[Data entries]
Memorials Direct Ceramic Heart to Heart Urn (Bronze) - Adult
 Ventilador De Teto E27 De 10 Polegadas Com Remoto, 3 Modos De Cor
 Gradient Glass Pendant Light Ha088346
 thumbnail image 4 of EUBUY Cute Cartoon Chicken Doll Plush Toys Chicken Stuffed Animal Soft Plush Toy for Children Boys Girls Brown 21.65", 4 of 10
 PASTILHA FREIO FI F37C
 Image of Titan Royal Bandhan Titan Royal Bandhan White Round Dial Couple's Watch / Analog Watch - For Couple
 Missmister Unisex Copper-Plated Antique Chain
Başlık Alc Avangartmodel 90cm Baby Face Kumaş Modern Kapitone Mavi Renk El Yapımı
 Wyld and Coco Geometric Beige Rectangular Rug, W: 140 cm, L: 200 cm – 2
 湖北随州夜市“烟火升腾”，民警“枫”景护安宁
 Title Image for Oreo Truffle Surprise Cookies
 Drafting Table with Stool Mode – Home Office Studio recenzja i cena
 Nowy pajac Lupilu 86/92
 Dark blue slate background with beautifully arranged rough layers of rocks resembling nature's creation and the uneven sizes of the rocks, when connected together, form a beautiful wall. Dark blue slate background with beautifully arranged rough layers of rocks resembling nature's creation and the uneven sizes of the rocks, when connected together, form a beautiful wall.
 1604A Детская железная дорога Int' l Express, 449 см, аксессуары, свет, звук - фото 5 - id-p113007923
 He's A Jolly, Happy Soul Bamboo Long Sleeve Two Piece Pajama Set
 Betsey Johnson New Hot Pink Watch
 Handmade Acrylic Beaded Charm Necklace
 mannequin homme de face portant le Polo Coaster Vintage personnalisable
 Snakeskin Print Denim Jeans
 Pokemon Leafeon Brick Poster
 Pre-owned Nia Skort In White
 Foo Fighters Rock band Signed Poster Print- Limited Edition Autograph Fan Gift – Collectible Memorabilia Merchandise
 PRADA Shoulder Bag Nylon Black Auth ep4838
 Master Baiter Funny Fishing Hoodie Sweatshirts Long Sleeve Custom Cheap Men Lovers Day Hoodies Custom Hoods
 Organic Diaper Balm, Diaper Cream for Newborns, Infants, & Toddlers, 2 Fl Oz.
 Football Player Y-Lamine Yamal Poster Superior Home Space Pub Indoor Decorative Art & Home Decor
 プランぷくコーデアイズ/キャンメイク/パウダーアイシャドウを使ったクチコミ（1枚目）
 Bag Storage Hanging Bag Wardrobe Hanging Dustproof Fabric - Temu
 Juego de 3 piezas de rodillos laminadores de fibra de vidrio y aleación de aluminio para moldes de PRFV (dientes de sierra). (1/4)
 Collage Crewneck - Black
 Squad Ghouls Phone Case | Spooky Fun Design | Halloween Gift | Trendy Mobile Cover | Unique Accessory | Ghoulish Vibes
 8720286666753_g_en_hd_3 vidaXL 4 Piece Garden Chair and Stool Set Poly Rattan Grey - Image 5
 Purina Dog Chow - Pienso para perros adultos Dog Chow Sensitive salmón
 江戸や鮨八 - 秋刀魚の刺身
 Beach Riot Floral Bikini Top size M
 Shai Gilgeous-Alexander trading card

• **Work to complete**:
Determine how many lines in the data include "Long", and let the answer be that number alone.

• **Result of this exercise**:
2